One theory for why going from 0.3.4 to 0.4.x slows down duplex for you is because we switched to using minimap2 to determine overlap for potential duplex pairs. this adds some CPU overhead, so if your CPU is a bottleneck it could show up more here.

melachl commented 11 months ago

I am using macbook pro with M1 max (CPU: 10 Cores , GPU: 32 Cores).

Currently I am sequencing so at the moment I am not able to try v0.4.1 and v0.4.2 but I will give you update as soon as I can do it.

StuartAbercrombie commented 11 months ago

Could you tell us how much memory the machine has?

It looks as if this was run with automatic batch size selection.
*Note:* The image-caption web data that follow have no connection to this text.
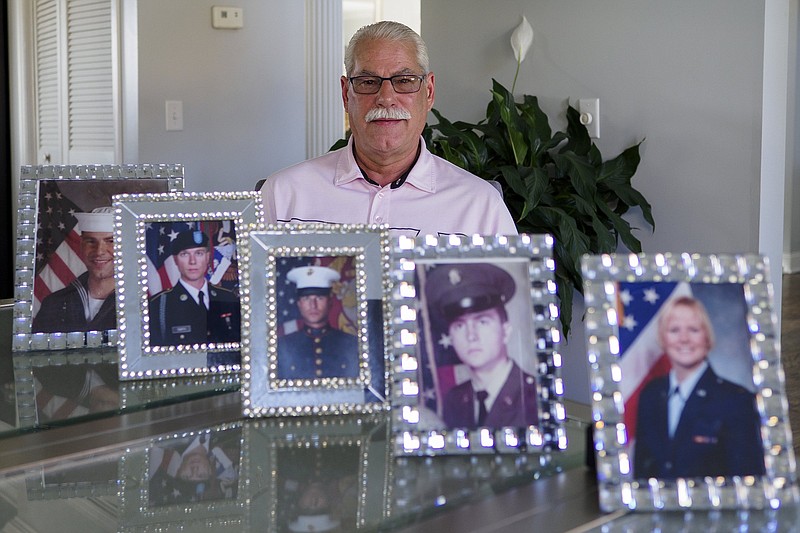 Staff photo by C.B. Schmelter / Veteran Don Raymond poses with military portraits of his family, including his from 1984, left, two of his nephews, his brother-in-law and his niece, at his mother's home on Friday, Nov. 6, 2020 in Soddy-Daisy, Tenn.
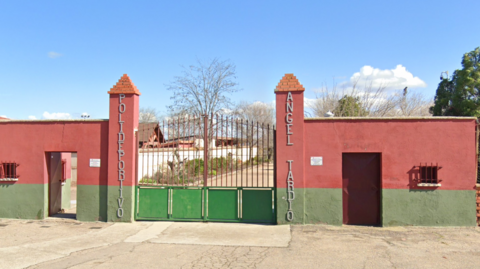 The outside of the Angel Tardio sports centre. A set of iron gates is visible, with two columns on either side and walls painted green and red. The sky is blue in the background.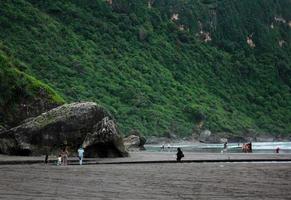 Beach with Green Coral Cliffs photo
If so, then older versions of dorado would quite possibly have had performance problems stemming from memory thrashing, even without duplex involved. 0.5.0 should do significantly better both in terms of batch size selection and the amount of memory it needs for a given batch size. That said, duplex is in general not as optimised on Apple silicon as simplex.

melachl commented 11 months ago

I have 64 GB RAM.

I was very suprised because with older dorado versions duplex basecalling worked quite well and also fast. But with the latest one there was an big performance breakdown. In future should I set the batch size to a certain value? Could you recommend to which batch size? Any other hints how to deal with duplex basecalling with apple Silicon? Is it planned to optimize duplex basecalling also for apple silicon?
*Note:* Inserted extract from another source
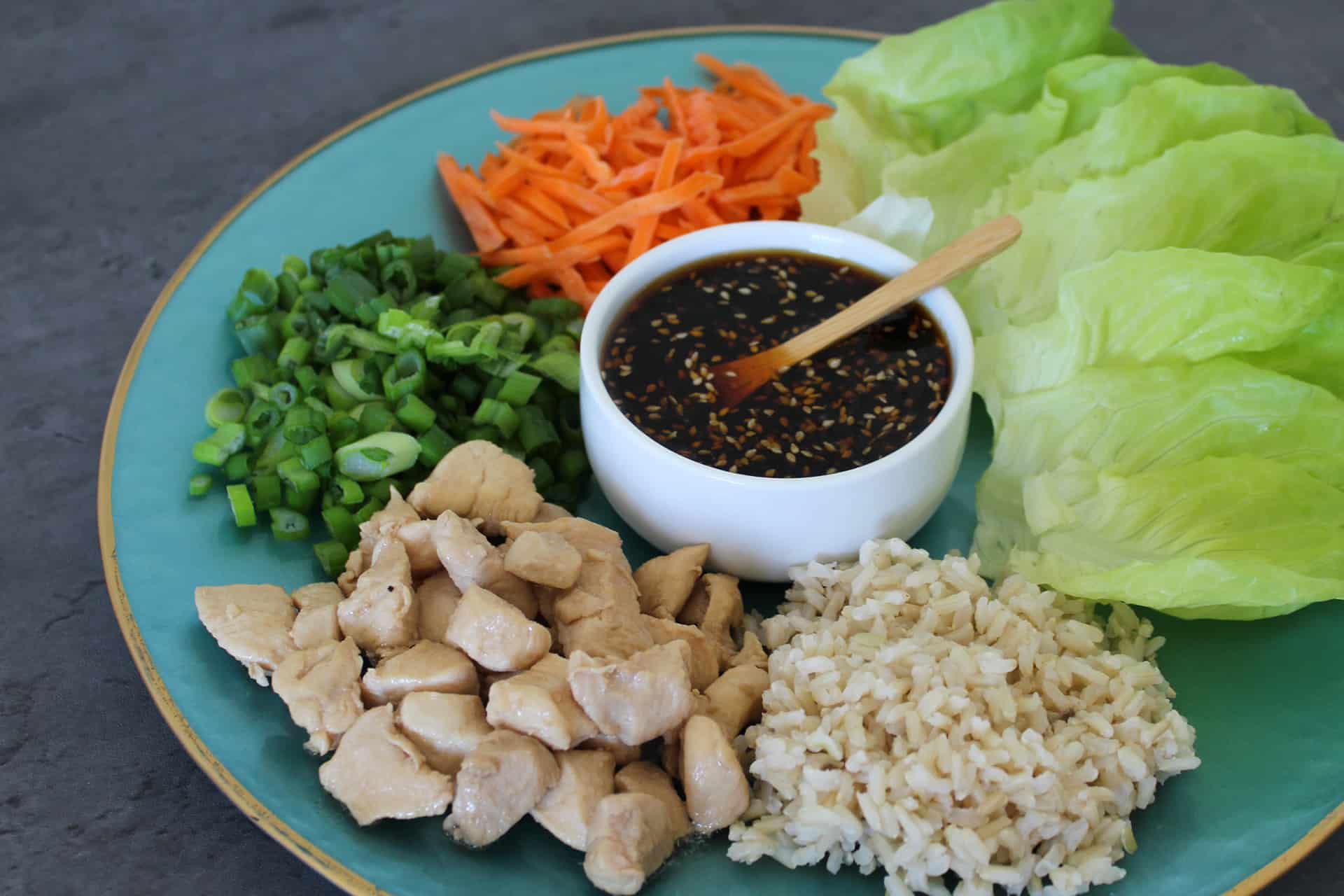A platter of deconstructed Asian chicken lettuce wraps for serving at the table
StuartAbercrombie commented 11 months ago

I'm not aware of Apple silicon duplex performance regressions between the versions you've tried, so I'm not sure how to explain the disparity you saw. I think it's well worth trying 0.5.0, since it should use substantially less memory than previous versions, and excessive memory use was causing very poor performance in certain scenarios. If performance is still bad then we'll need to investigate further.
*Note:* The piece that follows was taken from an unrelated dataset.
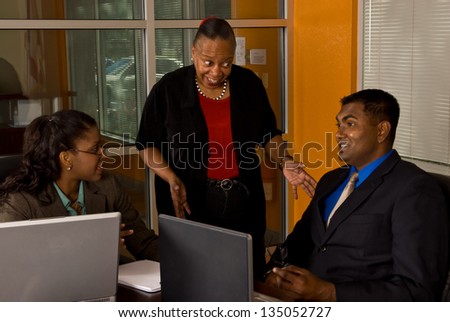 Two young business professionals smile as their more mature, wiser officer manager explains to them how things should be done.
melachl commented 11 months ago

Thank you for your help! I tried the new version 0.5.0 but I get an error:

(base) melanieachleitner@MBP-von-Melanie ~ % dorado duplex hac pod5/ > calls.bam [2023-12-11 08:05:40.448] [info] > No duplex pairs file provided, pairing will be performed automatically [2023-12-11 08:05:40.560] [error] Failed to find the kernel: forward_scan_add_softmax

Can anyone help me with that?

StuartAbercrombie commented 11 months ago

That error suggests you have a mismatch between the dorado executable and the shader library it uses, default.metallib. I'd suggest a clean install, ensuring you have the version of default.metallib associated with 0.5.0, rather than one from an earlier version.